Upload Multilingual-e5-large-Q8

de631d7 verified 1 day ago

4.53 kB

	---
	library_name: mlx
	license: mit
	pipeline_tag: feature-extraction
	base_model: intfloat/multilingual-e5-large
	tags:
	- mlx
	- embeddings
	- sentence-transformers
	- xlm-roberta
	- multilingual
	- quantized
	- int8
	- q8
	- revis
	---

	# mavis-ai/Multilingual-e5-large-Q8

	This repository contains an 8-bit quantized MLX-compatible distribution of `intfloat/multilingual-e5-large`, prepared for use with R.E.V.I.S. as its local semantic embedding model.

	The model is intended for local text embedding, semantic recall, RAG retrieval, and multilingual semantic search workflows.

	## Important Notice

	This repository is hosted primarily as a dedicated download source for the R.E.V.I.S. application ecosystem. You are free to download and use this model package for your own local embedding or MLX workflows, subject to the MIT License and the attribution notices included in this repository.

	This package is not a new embedding model and has not been fine-tuned. It is a quantized redistribution of `intfloat/multilingual-e5-large`.

	For the original model card, training details, intended usage, and evaluation information, refer to the official upstream model:

	- Original model: <https://huggingface.co/intfloat/multilingual-e5-large>
	- Base architecture: XLM-RoBERTa large
	- Embedding size: 1024

	## Quantization

	This package stores selected 2D weight tensors using a R.E.V.I.S. Q8 format:

	- Quantization type: symmetric per-row int8
	- Scale format: per-row scale tensor
	- Expected dequantization: `weight = qweight.astype(float16) * scale[:, None].astype(float16)`

	Typical tensor layout:

	```text
	encoder.layer.0.attention.self.query.weight.qweight
	encoder.layer.0.attention.self.query.weight.scale
	```

	Non-quantized tensors, such as LayerNorm parameters, bias tensors, and other small metadata tensors, are preserved in their original floating-point representation.

	This format is optimized for smaller download and storage size.

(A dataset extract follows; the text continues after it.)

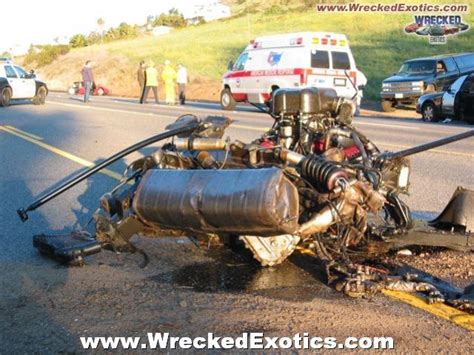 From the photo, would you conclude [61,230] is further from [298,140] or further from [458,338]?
[458,338]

In the current R.E.V.I.S. runtime, q8 tensors may be dequantized to floating point at load time for compatibility with the existing embedding forward path.

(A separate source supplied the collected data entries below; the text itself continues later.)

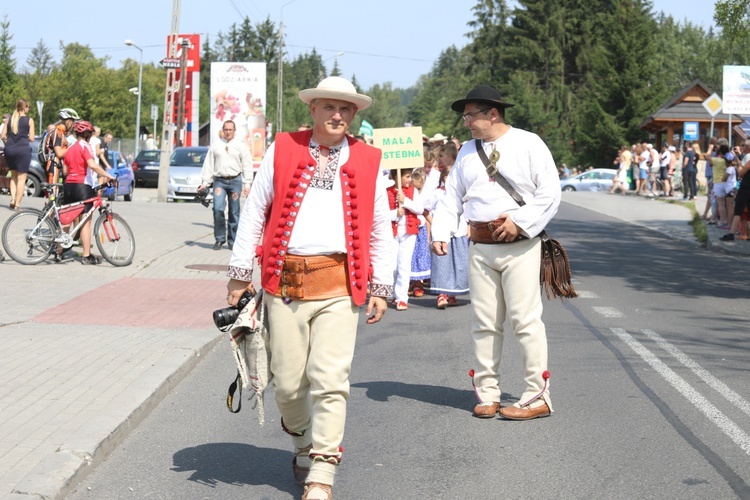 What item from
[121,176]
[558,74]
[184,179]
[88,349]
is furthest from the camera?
[558,74]

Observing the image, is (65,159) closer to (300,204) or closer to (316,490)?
(300,204)

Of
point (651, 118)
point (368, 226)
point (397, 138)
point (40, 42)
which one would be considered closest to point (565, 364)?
point (368, 226)

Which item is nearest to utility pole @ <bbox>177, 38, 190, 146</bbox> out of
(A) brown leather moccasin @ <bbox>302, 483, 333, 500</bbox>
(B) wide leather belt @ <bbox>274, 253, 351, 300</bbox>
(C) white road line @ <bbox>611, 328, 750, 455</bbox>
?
(C) white road line @ <bbox>611, 328, 750, 455</bbox>

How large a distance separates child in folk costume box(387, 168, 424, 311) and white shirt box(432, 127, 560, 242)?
Answer: 490cm

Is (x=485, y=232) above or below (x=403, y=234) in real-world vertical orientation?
above

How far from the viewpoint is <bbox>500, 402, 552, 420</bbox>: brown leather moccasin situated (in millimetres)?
6844

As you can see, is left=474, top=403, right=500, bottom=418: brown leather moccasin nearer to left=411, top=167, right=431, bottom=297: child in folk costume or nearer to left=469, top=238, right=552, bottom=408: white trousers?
left=469, top=238, right=552, bottom=408: white trousers

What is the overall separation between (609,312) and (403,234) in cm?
233

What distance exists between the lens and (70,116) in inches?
625

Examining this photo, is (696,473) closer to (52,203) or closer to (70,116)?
(52,203)

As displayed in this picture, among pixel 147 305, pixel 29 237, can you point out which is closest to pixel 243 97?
pixel 29 237

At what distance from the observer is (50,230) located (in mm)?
14297

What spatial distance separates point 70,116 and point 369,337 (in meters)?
7.48

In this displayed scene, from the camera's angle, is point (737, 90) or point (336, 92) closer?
point (336, 92)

	## Optimized for R.E.V.I.S. (Local Cognitive OS)

	We host this model package to serve as the local semantic embedding engine for R.E.V.I.S.

	R.E.V.I.S. is a 100% local Cognitive OS for Multi-Agentic AI. It transforms your Mac devices into a distributed Agentic Swarm via zero-config Wi-Fi clustering, allowing you to run heavy AI workloads—like recursive web research, dynamic RAG generation, and multi-step logic—without killing single-machine performance.

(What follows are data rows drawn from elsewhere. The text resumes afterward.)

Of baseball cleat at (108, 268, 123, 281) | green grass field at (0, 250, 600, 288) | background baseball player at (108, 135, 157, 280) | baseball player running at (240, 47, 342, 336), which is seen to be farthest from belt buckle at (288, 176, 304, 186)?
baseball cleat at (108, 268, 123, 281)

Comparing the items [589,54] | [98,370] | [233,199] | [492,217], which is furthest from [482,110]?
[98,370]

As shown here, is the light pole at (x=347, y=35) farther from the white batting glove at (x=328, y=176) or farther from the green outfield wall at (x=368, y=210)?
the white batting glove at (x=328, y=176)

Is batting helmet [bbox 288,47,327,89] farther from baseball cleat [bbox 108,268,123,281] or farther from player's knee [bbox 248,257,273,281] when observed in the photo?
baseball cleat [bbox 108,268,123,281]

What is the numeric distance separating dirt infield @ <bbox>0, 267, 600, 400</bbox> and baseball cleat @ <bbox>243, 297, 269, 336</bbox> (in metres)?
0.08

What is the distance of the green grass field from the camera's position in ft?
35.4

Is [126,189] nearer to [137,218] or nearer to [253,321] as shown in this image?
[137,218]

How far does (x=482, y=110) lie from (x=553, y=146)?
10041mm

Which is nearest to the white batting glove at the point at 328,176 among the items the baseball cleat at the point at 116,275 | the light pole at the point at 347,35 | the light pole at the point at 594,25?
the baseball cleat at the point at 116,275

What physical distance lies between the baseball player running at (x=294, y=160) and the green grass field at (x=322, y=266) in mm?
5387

	If you are interested in pushing the absolute limits of local AI and open-weight models, check out our project.

	- Official Website: <https://mavis-ai.co.jp/revis/>
	- Watch the 13-min Raw Demo (Multi-node Dynamic RAG): <https://x.gd/LxaBF>
	- Follow our updates on X: <https://x.com/mavis_ai_jp>

	## Usage Notes

	For retrieval-style tasks, E5 models typically use different text prefixes for queries and passages. R.E.V.I.S. applies its own canonical query and passage formatting internally.

	If you use this package outside R.E.V.I.S., refer to the upstream E5 instructions for recommended prompt prefixes and pooling behavior.

	## Files

	Recommended repository files:

	```text
	README.md
	LICENSE
	NOTICE
	weights.00.safetensors
	config.json
	tokenizer.json
	tokenizer_config.json
	special_tokens_map.json
	quantization.json
	```

	## License

	This repository redistributes a quantized package derived from `intfloat/multilingual-e5-large`, which is released under the MIT License.

	The upstream copyright notice and MIT License text are preserved in `LICENSE`.

	Additional attribution and redistribution notes are included in `NOTICE`.

	## Attribution

	Original model:

	```text
	intfloat/multilingual-e5-large
	https://huggingface.co/intfloat/multilingual-e5-large
	```

	Original authors / associated paper:

	```text
	Liang Wang, Nan Yang, Xiaolong Huang, Linjun Yang, Rangan Majumder, Furu Wei
	Multilingual E5 Text Embeddings: A Technical Report
	```

	R.E.V.I.S. Q8 package:

	```text
	Prepared and redistributed by MAVIS / R.E.V.I.S.
	Quantization: symmetric per-row int8 Q8 package for local MLX embedding runtime
	```

	## Modification Notice

	Compared with the upstream `intfloat/multilingual-e5-large` release, this repository applies the following packaging modification:

	```text
	Selected 2D weight tensors were quantized to symmetric per-row int8 q8 representation.
	```

	No fine-tuning, additional training, or architecture-level modification has been applied.